→ **What the task asks**
Look through the data below for the line with "虚假诉讼移交检察院之后如何处理 虚假诉讼移交检察院之后如何处理呢" and the line with "The Coolest Album", then output those two and all lines in between, exactly as written.

→ **Input records**
□ □ □

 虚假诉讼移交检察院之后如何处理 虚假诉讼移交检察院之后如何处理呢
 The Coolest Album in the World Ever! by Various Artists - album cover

□ □ □

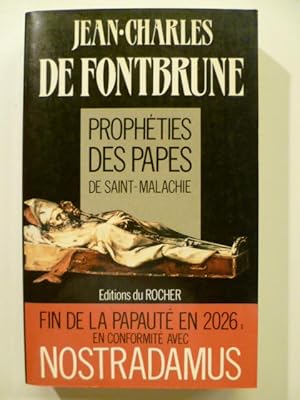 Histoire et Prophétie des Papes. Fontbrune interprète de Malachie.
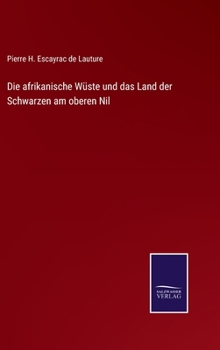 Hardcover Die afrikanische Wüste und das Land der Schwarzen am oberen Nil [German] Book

□ □ □

→ **Solved problem**
 虚假诉讼移交检察院之后如何处理 虚假诉讼移交检察院之后如何处理呢
 The Coolest Album in the World Ever! by Various Artists - album cover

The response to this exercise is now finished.